Les pics de sulfates détectés aux environs de 1110, année où l'éclipse s'est produite, indiquent que de larges éruptions ont eu lieu à cette époque. Et comparé aux événements volcaniques connus, celui-ci est le septième le plus important en termes de quantité de soufre rejeté dans l'atmosphère.

Pour étayer leurs observations, les chercheurs ont étudié des cernes d’arbres datant de la même période. Les cernes, dont la croissance est conditionnée par le climat, suggérant que l'année 1109 a été particulièrement froide et pluvieuse en Europe, une anomalie climatique potentiellement causée ou exacerbée par les effets d'une éruption volcanique.

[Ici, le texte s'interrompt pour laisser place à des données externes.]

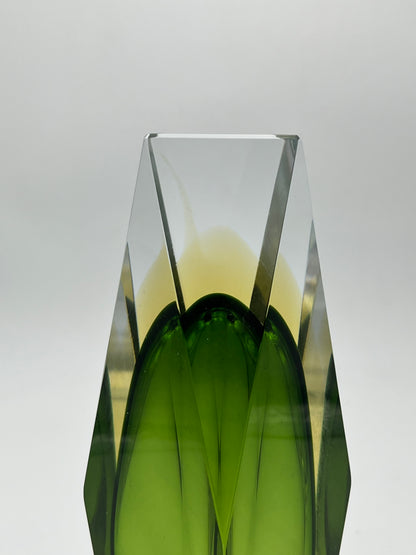Vase Sommerso, Flavio Poli, Seguso, Italie, 60s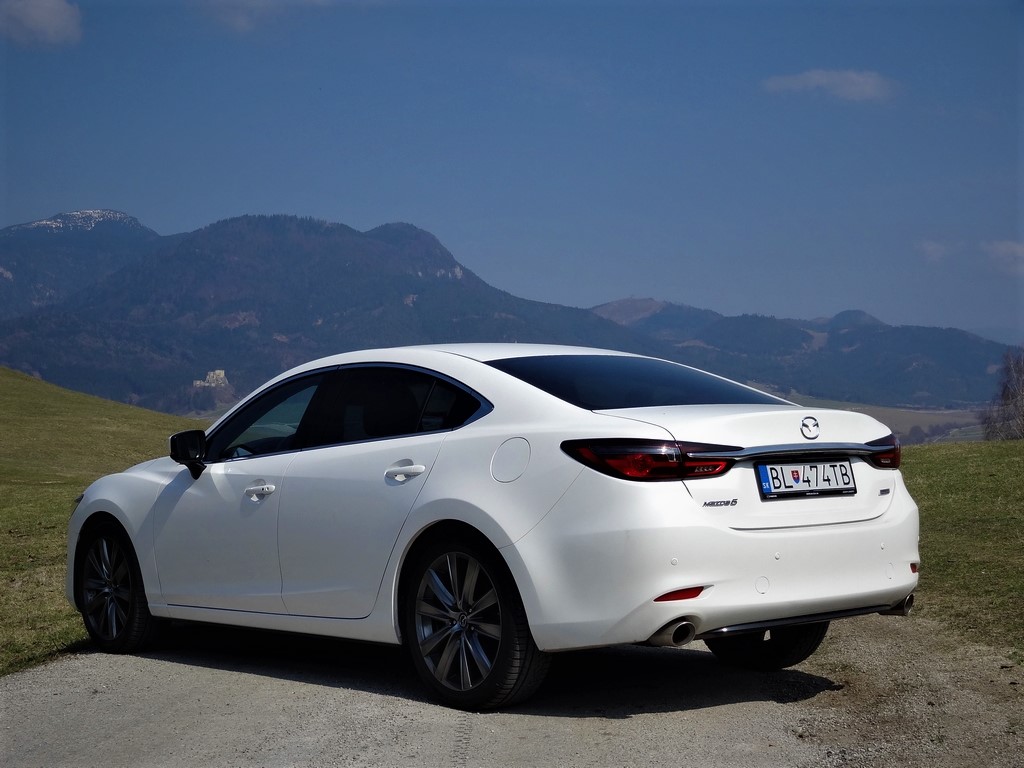 Mazda6 2.5 Skyactiv-G A/T SDN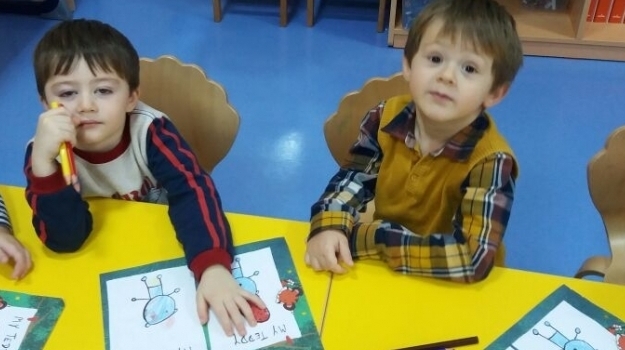 Bahçeşehir Kuşlar Grubu İngilizce Etkinliğinde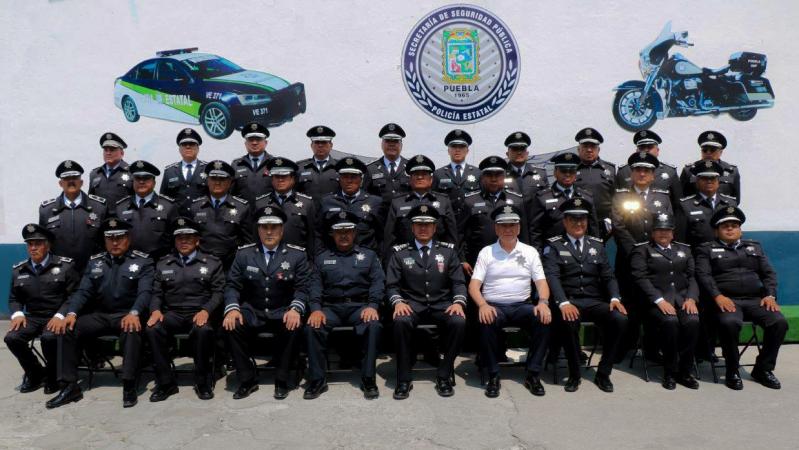 Reconoce SSP estatal a personal de la institución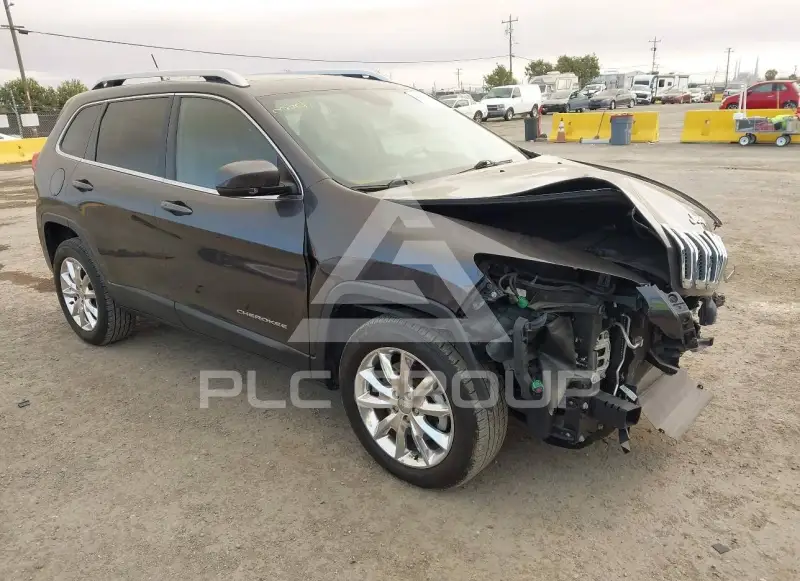 2015 Jeep CHEROKEE фото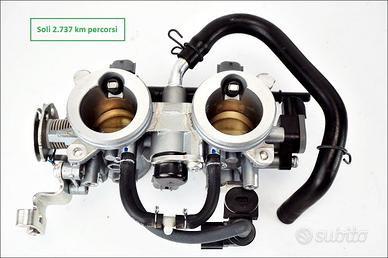 Kawasaki Ninja 500 25 26 corpo farfallato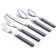 Annova Stainless Steel Grey Cutlery Set 20pcs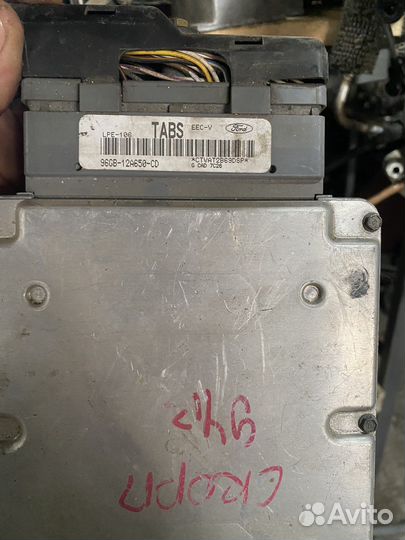 Форд Фокус 1 эбу (мозги)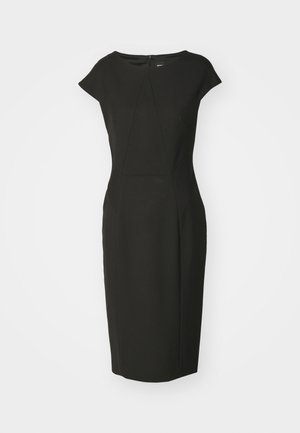 BOSS DEKALIAH - Shift dress - black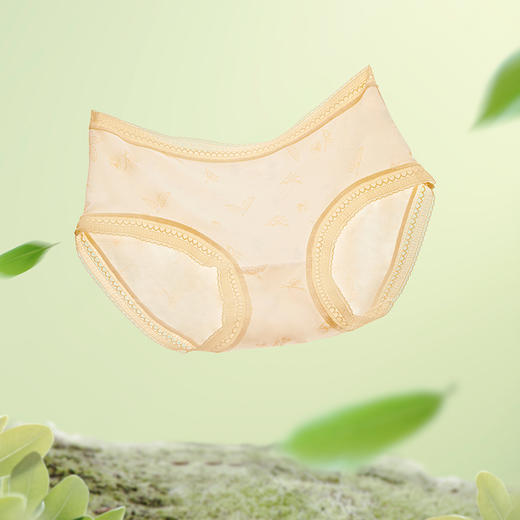 都市丽人健康系列莫代尔木代尔系列中腰平角女士内裤LK35K9 商品图1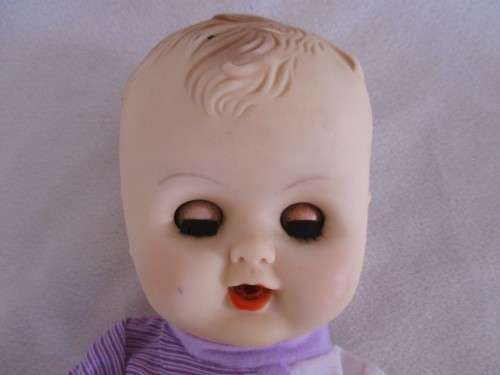 A CUTE BUT NOT PERFECT VINTAGE DOLL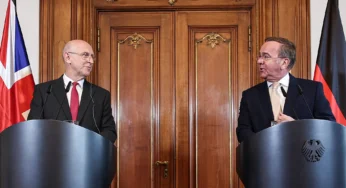 Германия и Британия договорились о совместной закупке дальнобойной артиллерии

Et les récits historiques le confirment. En Irlande, « les gens jeûnèrent et firent des offrandes à Dieu pour chasser la pluie et le mauvais temps, en été comme en automne », lit-on dans le manuscrit Annals of Inisfallen. En France, la Chronique de Morigny rapporte que « la grave famine a ainsi tué beaucoup de gens et réduit un nombre incalculable de riches à la pauvreté ». La Chronique de Peterborough, de son côté, fait mention d’une année 1110 « absolument désastreuse » en Angleterre.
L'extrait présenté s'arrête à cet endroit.